Let’s give a concrete and catastrophic example of something I’ve seen in the wild in a professional product. A developer there had obviously seen the application role[1] in the ARIA specs, thought “I’m building a web app”, and added it to their html element.

What role="application" means to assistive tech is: “I’m building a really complex application, so I’m going to handle absolutely everything for you, I don’t want you to have any default behaviour.” This meant that the web app in question was 100% unusable for any people using assistive technology, as that was broadly as far as they’d got with accessibility support.
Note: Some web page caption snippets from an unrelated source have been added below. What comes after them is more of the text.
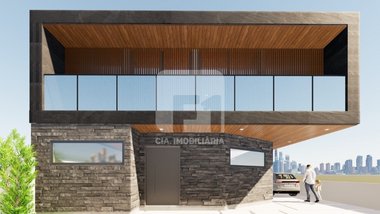 house em Rua Laureano, Campeche - Florianópolis - SC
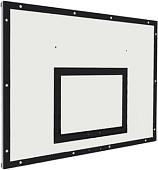 Баскетбольный щит Dinamika ZSO-002091 (черный)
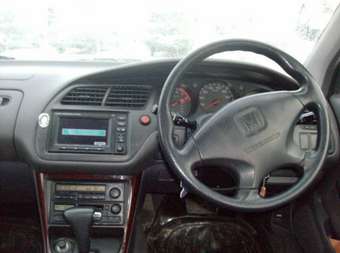 2001 Honda Torneo For Sale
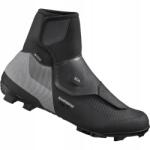 Shimano Téli Mtb cipő Shimano SH-MW702 Spd Boa fekete 46 Mtb Gore-tex (ESHMW702MCL01S46000)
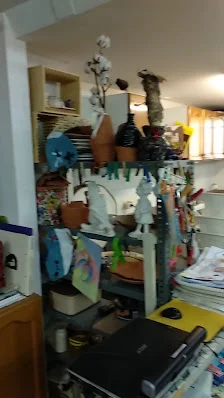 PINTURA, DIBUJO Y CERÀMICA. PAQUI FUSTER. ACADEMIA, TALLER - 2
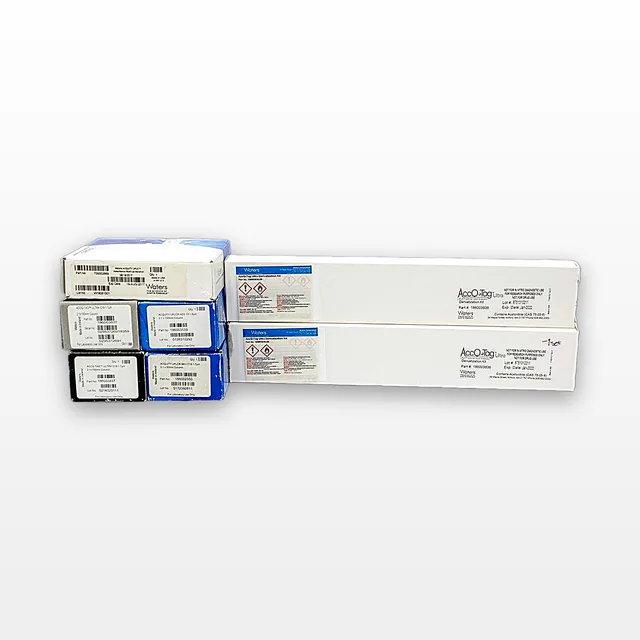 Waters ACCQ-TAG Ultra C18 Column Turnkey Ready HPLC Component Kit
[1] https://developer.mozilla.org/en-US/docs/Web/Accessibility/A...

gampleman 13 hours ago | parent | next [-]

That does seem catastrophically misguided. I’m more curious about the more common case where tags are used as documented (and I really wish the documentation was better), but perhaps not completely. For instance we have a Finder like UI in our web app that conceptually is a treegrid, but we don’t support all of the keyboard interactions advised at the above website.

Should we remove the role attributes?

robin_reala 11 hours ago | parent [-]

What would be better for your users? What have you discovered in research?

If you don’t know, and you’re not doing research, your best bet is to match the standardised semantics and interactions as best as possible, or at least have backlogged items to do so.

tdeck 3 days ago | parent | prev [-]

Stories like this make me wonder if we could build a Chrome extension with a collection of crowd-sourced site-specific accessibility tweaks. Things like removing that bad ARIA tag or bodging in proper labels or tabindexes. It wouldn't be perfect, but neither is AdBlock and it offers a lot of benefit.